To mark International Women’s Day today (8 March) we have searched our archives at the Bedfordshire Police Museum to celebrate significant female officers through the ages.
In 1946, the then Chief Constable, Mr William Willis, actively strove to recruit female officers and the first recruits were Irene Walters and Maud Lawrence. The following year, WPC Olive Canniford was appointed at the age of 27. Prior to this there had been a large number of members of the Women’s Auxiliary Police Corps (WAPC) during World War I and II. But as these were wartime volunteers, they were stood down once the wars were over. However, women had proved themselves providing a much needed resource. Olive had been a member of the WAPC.
Following World War II women slowly began to be accepted into the force as a separate entity when the Police Women’s Department was formed and remained until the mid-1970s. They were paid less than their male counterparts and were principally engaged in dealing with matters involving women and children.
However, the Special Constabulary has always played a significant part in the policing of Bedfordshire and in 1962 a Woman Special Constable (WSC) 146 Chalkley was appointed and posted to D Division in Biggleswade where she worked alongside male officers. WSC 278 Gould was also posted to Biggleswade in 1967.
In 1969 Carole Groom (now Phillips) became a WPC, and in 1974 she submitted a report requesting that female officers be integrated into regular full time frontline policing in Bedfordshire. The scheme proved successful and after six months received the full backing of Chief Constable Armstrong.
The following year, the Sex Discrimination Act was introduced which ensured that women were treated equally in the workplace, but thanks to Carole it happened sooner at Bedfordshire Police.
There had been campaigns to attract more females into Policing and by 1995, there was a fairly even balance of PCs and WPCs in Bedfordshire on the front line. The biggest difference was found in the uniform and equipment as WPCs were issued skirts, handbags and a mini truncheon that was completely ineffective. WPCs were issued with a small hosiery allowance and females were expected to buy the same colour and denier tights within their team to provide a uniform look.
Inspector Vicky Miller, who joined the force in 1991 at the age of 19, recounts how looking back it was like the TV show Life on Mars. She said as a WPC in the early 90s she received the same training as her male counterparts and was expected to carry out the same role.
At the time there was no body armour, no CS/Parva incapacitant spray and handcuffs were joined together with a small chain rather than the bar that we use today.
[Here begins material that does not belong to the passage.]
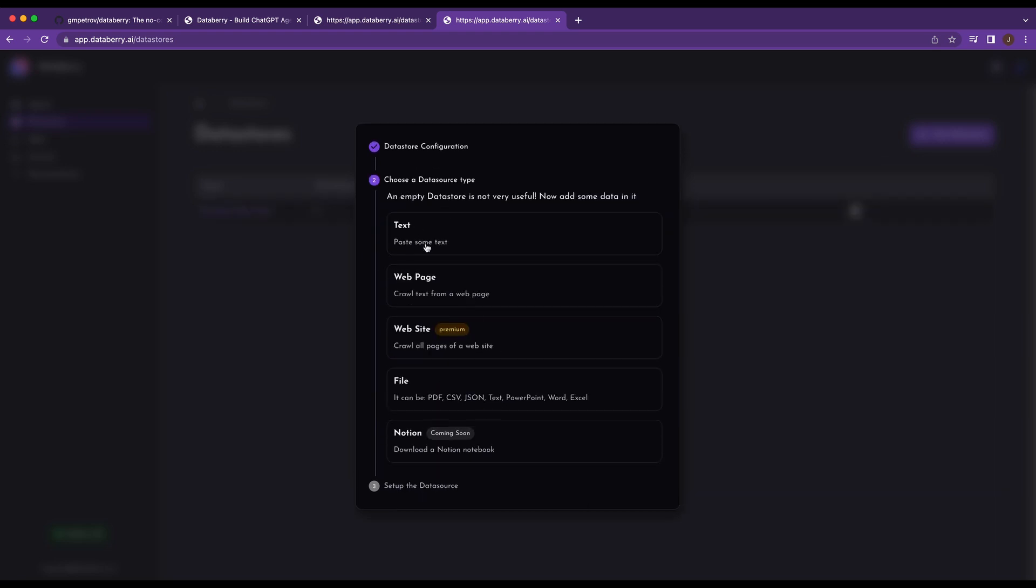I'm not going to make it public right now, but as soon as I get here, I have the options. So we have the option to choose text web page. We can crawl the web page, but this is a premium plugin that they have. I think it's $25 US a month if you want to use this one. And then they have the files that you can upload: PDF, CSV, JSON, et cetera. And then coming soon, you have Notion.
Insp Miller said: “We were aware that our personal protection equipment was inadequate and often complained to our Supervisors about the risks posed to us. There were no mobile phones in those days and the radio coverage was sporadic, particularly in some areas of Bedfordshire. We did, however always look smart as we wore tunics, hats and highly polished footwear and we spent a considerable amount of our time on footbeat.”
She explains: “There has been a massive cultural shift in the way women are treated in policing. Carole Phillips was my Chief Inspector in the early noughties and I was thankful that I was not policing in an era where my primary role was to deal with women and children. Carole was highly respected and a good role model for younger female officers. I have seen significant increase in females working in diverse roles and ranks and I have also witnessed the struggles for some women who campaigned for equality in dog handling, firearms and CID roles.
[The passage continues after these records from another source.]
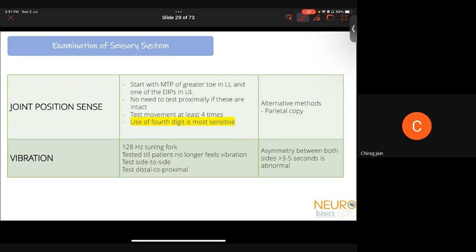For joint position sense: start at the metatarsophalangeal joint of the great toe in the lower limb and a distal interphalangeal joint in the upper limb. First show the patient what you're doing with eyes open — explain what is 'up' and 'down.' Hold the digit on the sides at the joint and flick it up and down from the sides, not from above and below. Test at least four times — correct more than 50% is normal. The most sensitive digit is the fourth. Parietal copy is a more proximal joint position sense test where the patient copies a position from one limb to the other with eyes closed.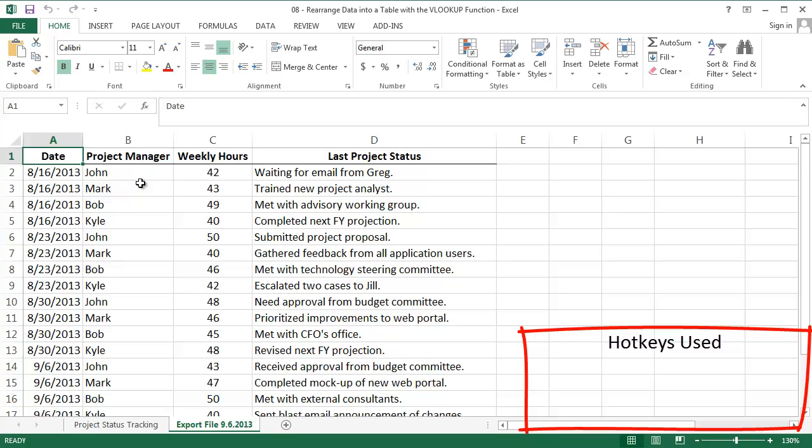Hey everyone, welcome to the Otoscope Excel video blog where I offer up my favorite Excel tips, tricks, and hacks. Today we're going to use the VLOOKUP function to rearrange data into a more useful format.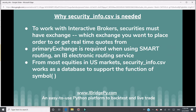For most equities in US markets, in iBridgePy, the security_info.csv file works as a database to support the symbol function. The symbol function is an iBridgePy function to define securities. In this function, you don't need to provide the exchange or primary exchange — you just put the ticker. For example, symbol SPY. iBridgePy will use the security_info.csv file as a database to look up the exchange and primary exchange and fill in the security. That's why security_info.csv is needed.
“I recall being told in training that one day officers would be able to complete a Crime Report on a computer. We laughed at the thought of this, yet here we are 28 years later with technology outstripping all other advances in policing.
“Modern Policing is a challenge for all officers at times and I take my hat off to the younger female and male officers that put themselves on the frontline today.”
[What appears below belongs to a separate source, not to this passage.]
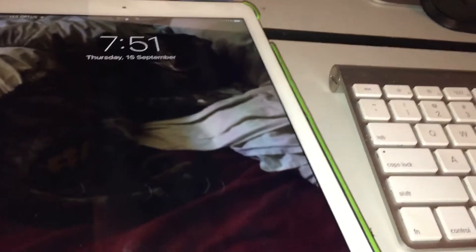Here is an iPad Pro 9.7 inch running the new iOS 10, iOS 10.0.1 as you can tell.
Bedfordshire Police has since been led by two female Chief Constables and today has women in many top ranking roles.
Detective Superintendent Liz Mead is our Head of Crime, Detective Superintendent Jo Walker heads up the collaborated Major Crime Unit, our Eastern Region Specialised Crime Unit (ERSOU) has recently appointed Hannah Wilkinson as its new female head, Kathryn Holloway is Bedfordshire’s Police and Crime Commissioner and her Chief Executive is Clare Kelly.
We also have a female Assistant Chief Constable, Dr Jackie Sebire, who will be speaking next week to the Commission on the Status of Women at the United Nations Headquarters in New York. She will address the global stage about why gender equality in policing is so important in increasing women’s access to justice.
ACC Sebire concludes: “Thirty or even 20 years ago it would have been unheard of for a senior female police officer to be addressing the UN, let alone for the UN to discussing women in policing, which shows what a long way policing has come in closing the gap between male and female officers.”